While I do love a fresh ripe tomato, that's only the reality for a few months of the year here in Vermont. For the other 10 months, I rely pretty heavily on diced tomatoes. They are useful for a variety of dishes beyond pasta sauce, from Chickpea Curry to Slow-Cooker Mediterranean Stew. Want to make the world's easiest dinner ever? Put a can of diced tomatoes and spices into a pan, crack a few eggs on top and call it a simple Shakshuka. Similar to beans, try to choose "no salt added' or low-sodium versions when you can.

Coconut Milk

If you are looking for a super affordable, creamy flavor additive that is vegan- and vegetarian-friendly, coconut milk is for you. I always keep a few cans on hand for everything from Coconut Blueberry Smoothies to Fish with Coconut-Shallot Sauce, both of which make me feel like I'm on a beach somewhere. It's also a great addition to dishes like curry. As a bonus, it's super affordable and dairy-free, and it lasts much longer than refrigerated coconut milk.

Canned Pumpkin

If you think canned pumpkin is just for the fall, think again. It is packed with vitamin A and fiber and adds a great earthy flavor to several dishes. Sure, I am all for seasonal recipes like a Traditional Pumpkin Pie, but canned pumpkin can do so much more. Try our Gnocchi with Bacon & Creamy Pumpkin Sauce or Pumpkin Curry Soup for a new unique way to boost your veggie intake. Left with half a can after you make a recipe? There are several delicious and creative ways to use up canned pumpkin, like adding it to oatmeal or making pumpkin hummus.

Canned Green Chiles

Though green chiles are more of a condiment than a main, they are worth always having on hand in my book. They boost the flavor and add spice to everything from scrambled eggs to tacos and more. Plus, they up the excitement of a dish for only 4 calories for a two tablespoon serving.

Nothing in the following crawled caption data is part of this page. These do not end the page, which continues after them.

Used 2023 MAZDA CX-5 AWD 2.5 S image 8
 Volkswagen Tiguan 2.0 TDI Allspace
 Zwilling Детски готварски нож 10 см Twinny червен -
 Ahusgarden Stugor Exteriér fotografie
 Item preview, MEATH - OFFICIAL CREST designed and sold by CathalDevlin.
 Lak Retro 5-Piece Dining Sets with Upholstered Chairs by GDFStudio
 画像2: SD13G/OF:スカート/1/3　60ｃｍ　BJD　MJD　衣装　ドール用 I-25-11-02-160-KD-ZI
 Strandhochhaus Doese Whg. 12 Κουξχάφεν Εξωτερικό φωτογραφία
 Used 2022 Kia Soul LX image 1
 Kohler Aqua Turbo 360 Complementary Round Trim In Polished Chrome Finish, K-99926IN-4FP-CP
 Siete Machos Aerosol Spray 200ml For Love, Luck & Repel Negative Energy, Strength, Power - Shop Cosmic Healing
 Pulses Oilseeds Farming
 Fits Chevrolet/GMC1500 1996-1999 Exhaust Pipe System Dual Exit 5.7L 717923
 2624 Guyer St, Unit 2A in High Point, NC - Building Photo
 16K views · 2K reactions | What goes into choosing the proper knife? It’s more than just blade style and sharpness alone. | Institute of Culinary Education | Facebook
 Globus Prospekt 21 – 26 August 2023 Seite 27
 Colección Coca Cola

Similar to green chiles, artichokes are a healthy way to add flavor to your meal and boost your vegetable intake. Choosing the "canned in water" versions cut down on the added sodium compared to those that are pre-marinated, and allow for the flavor to be more versatile. Add artichokes to level up your average pasta, or as the star of a dish like our Chicken Cutlets with Artichokes & Lemon-Dill Sauce.


Though it has taken some heat in the anti-carb era, corn has a lot going for it. Corn has only 100 calories per ear and close to three grams of fiber, which is a winning combination if you are trying to lose weight. It is also loaded with B vitamins, iron and potassium that can help with vision and heart health. Like many other canned veggies, watch the added sodium. Canned corn is versatile and can help you add veggies to everything from salads to stews. Plus, it is super affordable and pretty much lasts forever on the shelf.


I love beets but don't always have the time (or energy) to roast them fresh. Beets can help lower blood pressure, boost athletic performance and fight inflammation, but they aren't always the easiest to prepare. Buying canned beets allows me to enjoy their flavor and nutrition in a fraction of the time and for a fraction of the price. Try adding them to a salad or enjoying Brown Sugar-Glazed Beets as a side to see for yourself why I always have these on hand.

Bottom Line

As much as I love to cook things from scratch, that's not always the reality. Canned foods can be super nutritious, easy to prepare and affordable compared to their fresh or frozen counterparts. Plus there are many easy ways to make them taste delicious. From canned fish to coconut milk, these are some of the best healthy canned foods I love to keep on hand and regularly use.